The Master, c’est surtout l’histoire d’une relation quasi filiale entre le grand gouru manipulateur d’un mouvement spirituel à la sincérité très ambigüe et son disciple préféré dont la fidélité n’a d’égale que sa perdition. Une relation dont les statuts changeront pour mettre en lumière un thème évident de philosophie : le rejet de la liberté. L’homme aime plus que toute autre chose obéir à un maitre et s’en remettre à lui, quitte à le dépasser indirectement et à se servir de cette période de sa vie pour foncer dans la direction opposée. De fait les nombreux éléments du film aux relans psychanalytiques enrichissent le champ des interprétations possibles, et à raison. Le personnage de Philip Seymour Hoffman joue le rôle d’un nouveau père répondant aux trois fonctions du père que Lacan nous a légué : il pose les contraintes et la loi, il devient un modèle à suivre, et il se présente tel un père réel existant.
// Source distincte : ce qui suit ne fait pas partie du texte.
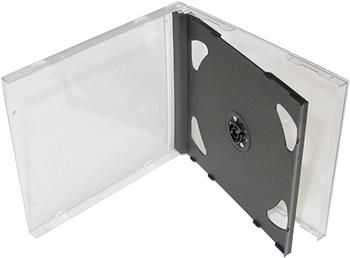 CD box/2 jewel black 10,4mm (10шт/уп) | Купити в інтернет магазині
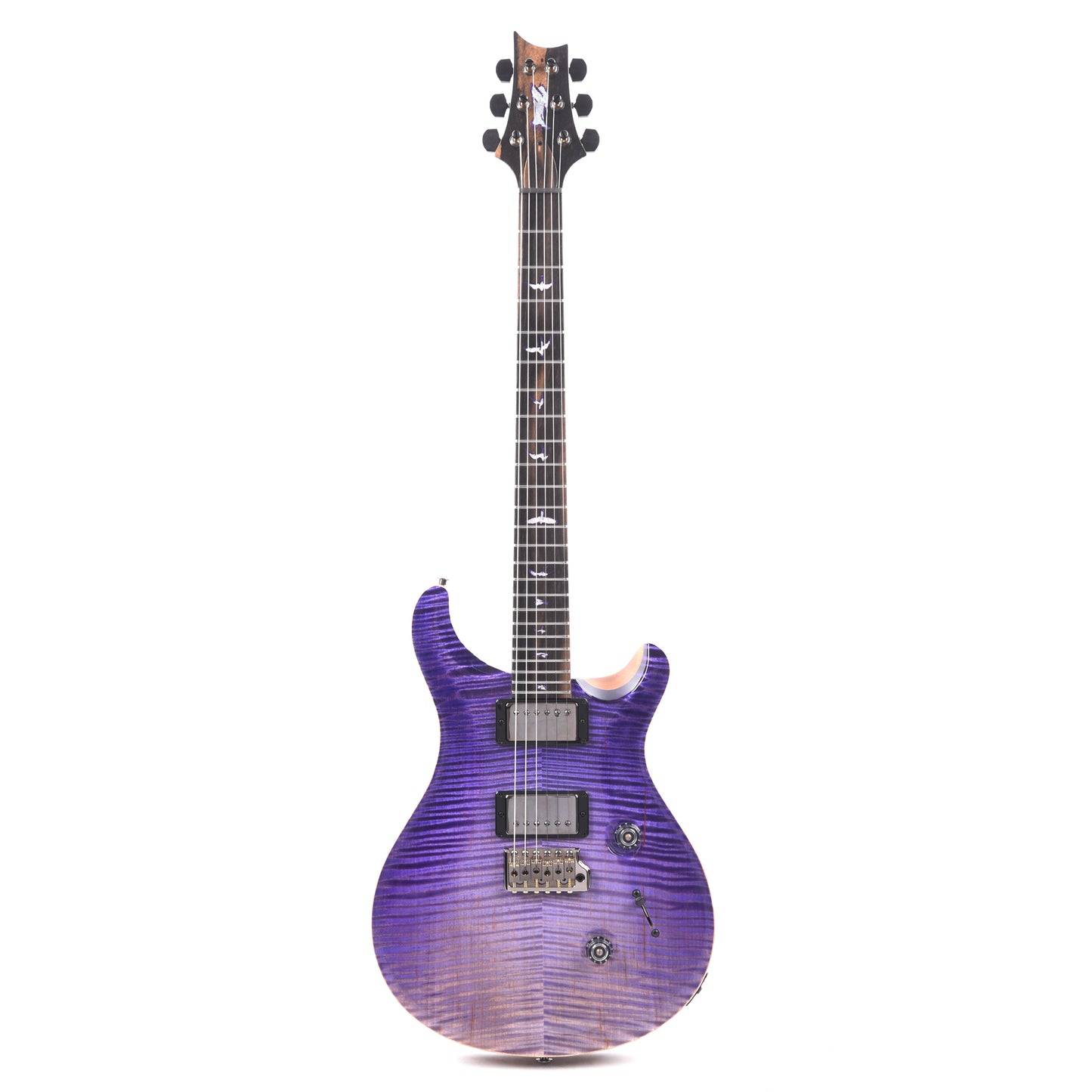 PRS Private Stock Custom 24 Curly Maple/Figured Mahogany Purple Dragon's Breath w/Exotic Ebony Fingerboard Electric Guitars / Solid Body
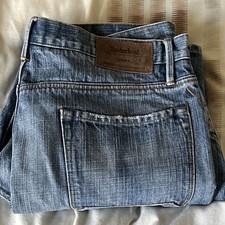 TIMBERLAND Mens Jeans Selvedge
En soit, il joue celui sur qui on peut léguer l’ensemble de nos responsabilités, ce qui est indubitablement terriblement séduisant.



Ce rapport à la séduction est d’ailleurs quelque chose qui transparait malgré l’ambiance claustrophobique qui règne autour du héros. Le film possède un grain d’image particulier, aux couleurs chaudes et explosives auxquelles l'ambiance musicale de Jonny Greenwood s'adapte à merveille.
L’opposition entre la grisaille qui s’impose dans son Massachussets natal et l’explositivé plastique de ses scènes d’apprentissage rend les passages où Freddie se fait valet de la guerre ou de La Cause et de son maître bien plus attractifs et éclaboussants de propreté. Le héros vagabonde et suit le guide là où les couleurs abondent. Dans la diégèse, La Cause propose aux hommes un monde de friandises où tout se prend, se crée, se traverse. A l’image, La Cause représente une véritable palette de couleurs : le monde y est plus beau. A travers de nombreuses perspectives de profondeurs, de prises à distance avec son héros, PTA isole au départ son personnage principal pour le voir au fur et à mesure s’élever et s’intégrer aux autres sans collision, maintenir une place qui lui est sienne en face du maître. 



The Master est probablement le film de PTA le plus subtil et à la fois le plus tape à l’oeil. Il fait logiquement suite aux précédents films du réalisateurs, intégrant de nouveau un rapport au père et à la solitude du héros.
Là où le héros de There Will Be Blood créait une famille en tant que père pour réussir dans son entreprise personnelle au début du film, The Master met pour la première fois son héros en nouvelle position de père et de dominant à la toute fin de son film, lui conférant une conclusion positive qui rappelle celle de Punch-Drunk Love. Sauf qu’ici réside l’ambiguité de savoir qui est le véritable maître / père au final. Les deux protagonistes principaux s’étant servis l’un de l’autre pour apprendre, grandir et occuper la position de leader dans leur vie.
A la fin du film, le «Maitre» dit à son ancien disciple de l’appeler si jamais il s’avère qu’il peut vivre sans maître autre que lui-même. La conclusion laisse à penser qu’il pourrait bien le faire.